C’est un peu ce qu’il faudrait faire en Égypte ? Régler les problèmes politiques, économiques…
Oui. En Égypte, disons qu’il y a des problèmes lesquels ont été à l’origine des révolutions arabes. Des problèmes d’ordre socioéconomique et démocratique, qui restent des facteurs d’instabilité et qui, pour l’instant, ne sont pas encore résolus. Le danger, à mon avis, de la voie choisie par l’Égypte, c’est qu’elle a choisi la solution militaire.
Elle met dans le même sac tous les courants islamistes. Je pense que c’est une erreur. Cela risque de pousser les groupes islamistes qui acceptent, plus ou moins, le jeu démocratique à aller vers la violence.

Est-ce qu’on peut justement faire le lien entre le printemps arabe et l’apparition de ces groupes extrémistes ?
Bien sûr, il y a un lien. C’est-à-dire que ce printemps arabe a eu lieu dans une situation où les États étaient déjà très faibles (…), et comme ces mouvements (de révolte, ndlr) étaient incapables de faire des changements profonds, ça a favorisé le renforcement des groupes extrémistes.
Il faut rappeler qu’en 2011, l’État islamique n’existait pas et Al Qaïda avait perdu beaucoup de son influence, notamment au Moyen-Orient. Je pense que le meilleur moyen de lutter contre ces groupes, ce n’est pas comme le pense l’armée égyptienne, mais par l’instauration de modèles de développement à la fois sociaux, économiques et démocratiques

De plus en plus de jeunes, notamment en Occident, sont attirés par ces mouvements djihadistes radicaux, comme l’EI. Comment expliquez-vous ce phénomène ?

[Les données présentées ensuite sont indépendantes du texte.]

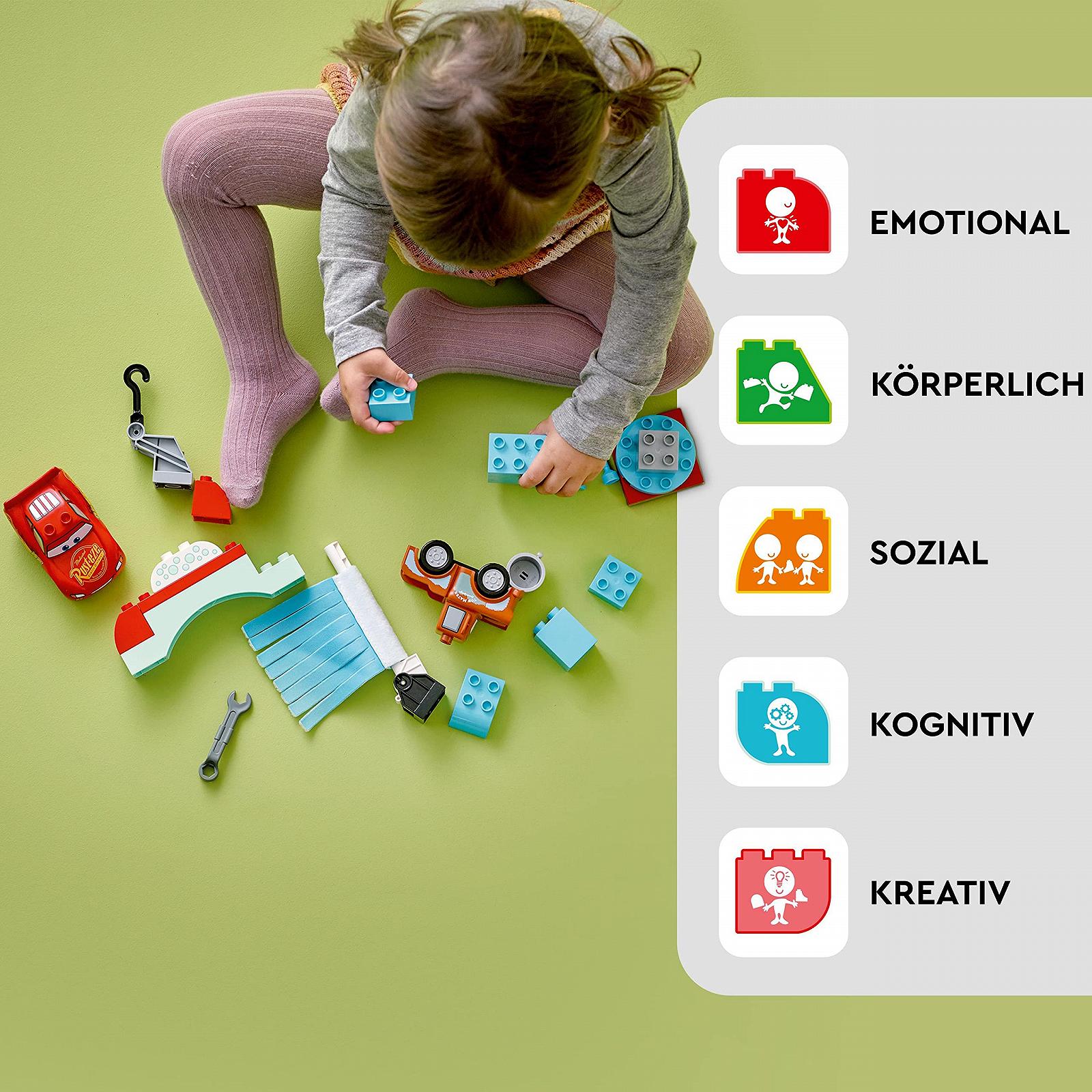 Конструктор DUPLO Disney Lightning McQueen und Mater in der Waschanlage, фото №3 Конструктор DUPLO Disney Lightning McQueen und Mater in der Waschanlage, фото №3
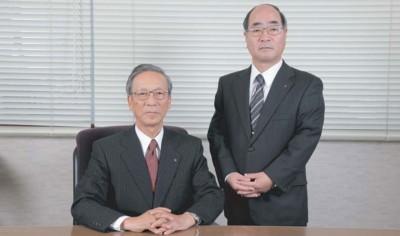 堀文昭会長（左）と松嶋秋男社長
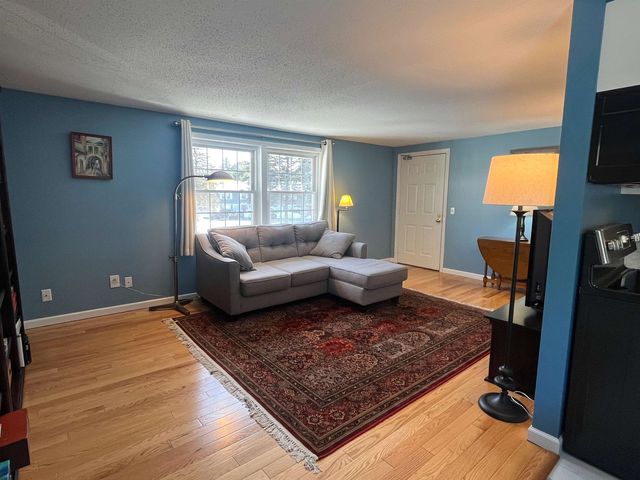 18 Candlelight Terrace, Hartford, VT 05001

Il y a des phénomènes individuels. Disons que l’État islamique offre à un jeune, pas forcément issu d’un milieu défavorisé, une espèce d’idéal. Et du jour au lendemain, il passe d’un anonymat total au stade de héros. Il a l’impression de jouer à des jeux vidéo. D’ailleurs, il y en a beaucoup qui arrivent, qui vont là-bas pour combattre car étant dégoûtés. Il y a aussi la catégorie 16-17 ans fascinée par la violence qui ressemble aux jeux vidéo et aux films que nous voyons. Il y a un autre élément qui de mon point de vue est important : c’est le fait que l’état islamique apparaît comme la seule force aujourd’hui dans la région qui combat l’impérialisme occidental, l’impérialisme américain. Cela lui donne une grande puissance d’attraction.